Up to Main Index                            Up to Journal for August, 2018

                     JOURNAL FOR FRIDAY 31ST AUGUST, 2018
______________________________________________________________________________

SUBJECT: Improved recordjar encoder and tests
   DATE: Fri 31 Aug 05:05:56 BST 2018

This month has been a poor one for the journal. Only two entries with just
enough time to squeeze in one more.

I’ve not been idle. As mentioned in my last entry, I’ve continued working on
writing tests and improving the existing code. Currently this involves giving
the recordjar encoder and decoder packages some much needed attention.

I thought the encoder and decoder were in pretty good shape — they do their
jobs after all. However, there are issues such as not trimming white space,
white space in keywords and inconsistent ordering due to the use of maps.

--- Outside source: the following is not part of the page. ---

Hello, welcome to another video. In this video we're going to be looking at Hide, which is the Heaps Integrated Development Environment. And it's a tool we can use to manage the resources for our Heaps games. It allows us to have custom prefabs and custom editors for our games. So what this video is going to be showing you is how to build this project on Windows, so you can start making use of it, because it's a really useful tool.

A lot of the issues I’m seeing you wouldn’t notice as a normal user. Reading
and writing of zone and player files just works. Data being read is sanity
checked as is data being written out again. It’s the bit in the middle,
between reading and writing, where code is manipulating the data that things
can go wrong.

I could just say “if the code is messing up the data it needs fixing”. That
doesn’t sit well with me, especially as I expect other people to work with the
code as well. Who knows, the recordjar package might be useful enough to
someone that they want to use it in a different project altogether, which is
fine by me.

I’ve therefore been spending time making the encoder code a bit better:


  - Encoding a string now trims leading/trailing white space[1].

  - Encoding a keyword now trims leading, trailing and internal white space.
    If you have a keyword such as “On Action” it’s actually two keywords, so
    the white space is now removed resulting in “Onaction”[2].

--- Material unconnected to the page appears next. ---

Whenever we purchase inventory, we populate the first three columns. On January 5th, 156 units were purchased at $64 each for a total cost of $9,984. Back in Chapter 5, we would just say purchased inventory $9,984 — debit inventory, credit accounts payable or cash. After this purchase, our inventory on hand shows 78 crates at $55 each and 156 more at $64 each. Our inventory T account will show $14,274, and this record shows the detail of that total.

  - Encoding a keyword list now does the same removal of white space as for
    individual keywords. In addition it drops empty and duplicate keywords,
    and sorts the keywords consistently.

  - Encoding a pair list — such as exits “E→L4 NE→L3 N→L1” — trims leading,
    trailing and internal white space for the name and value as per keywords.
    The pairs are also sorted consistently.

  - Encoding a string list now trims leading and trailing white space from
    each string. Strings are also sorted in a consistent order.

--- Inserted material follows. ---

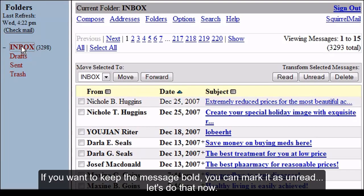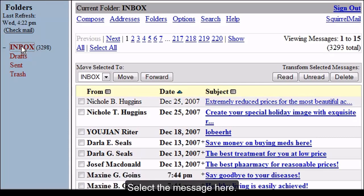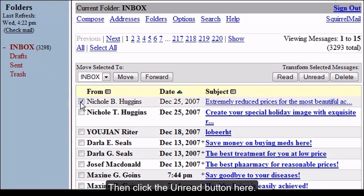If you want to keep the message bold, you can mark it as unread. Let's do that now. Select the message here, then click the unread button here.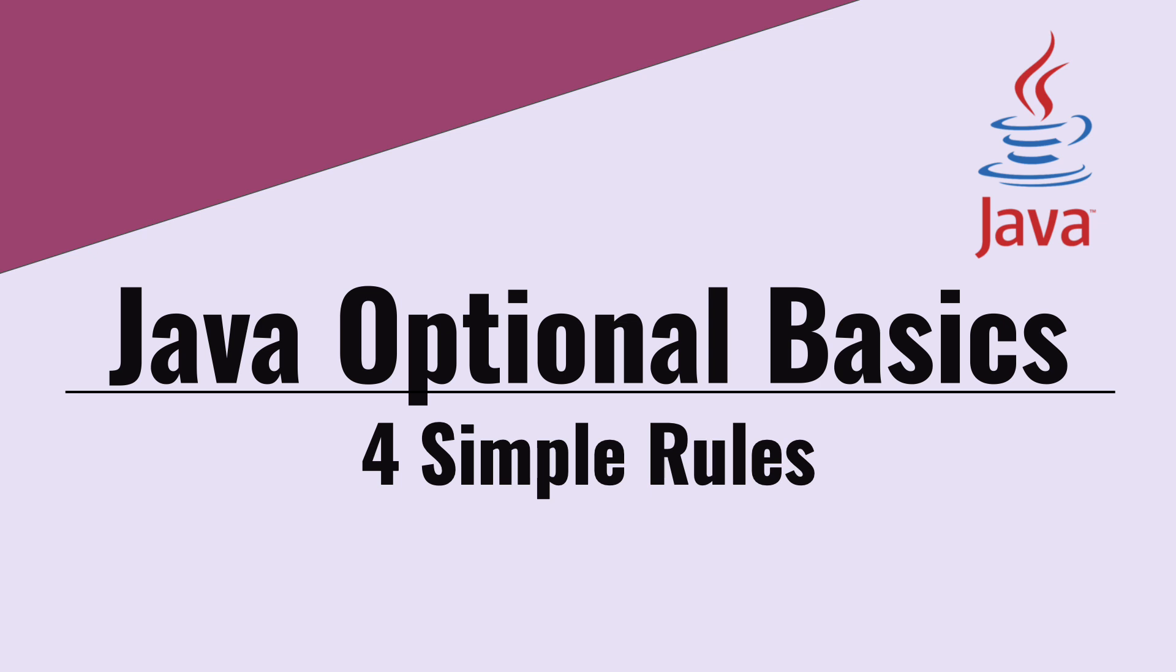In this short tutorial, let's talk about the basics of Java Optional class. We will look at what is available in the Optional API and mention what is the best way to use Java Optional.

  - Encoding a keyed string now trims leading, trailing and internal white
    space from the keys. Leading and trailing white space is also trimmed from
    the string value. If no value is specified only the key is returned,
    without the delimiter.

  - Encoding a keyed string list now trims white space as for a keyed string.
    A keyed string list should be sorted by the keys, in a consistent order.

  - Encoding a duration now rounds to the nearest second, with half seconds
    rounded up. Code simplified with bytes.Replace instead of complex hand
    crafted replacement.

  - Encoding a date/time is now always in the UTC timezone, and the decoder
    now always decodes to a time.Time in UTC as well.


I’ve paid a lot of attention to sorting and the sequencing of things so that
ordering is performed consistently. This will be important for the new zone
file formatting tool — I have a prototype, but it’s currently useless as it
strips comments out of the files[3]. Without reproducibility, due to random
ordering, the formatting tool would generate a lot of noise.

Encoding a string list or keyed string list has had a documented, long
standing bug fixed. Before the fix, strings in the list were just concatenated
together:


  OnAction: The cat curls up and starts to purr like a buzz-saw. : The cat
            starts to claw at the furniture, scratching deep gouges into the
            wood. : The cat starts to wash itself.


When formatted correctly, this is how it should look:


  OnAction: The cat curls up and starts to purr like a buzz-saw.
          : The cat starts to claw at the furniture, scratching deep gouges
            into the wood.
          : The cat starts to wash itself.


This does introduce another documented bug, well more of a nit really. The
formatting outdents strings with a leading “\n: ” by two character places.
However, the text is not refolded to take the extra positions into account.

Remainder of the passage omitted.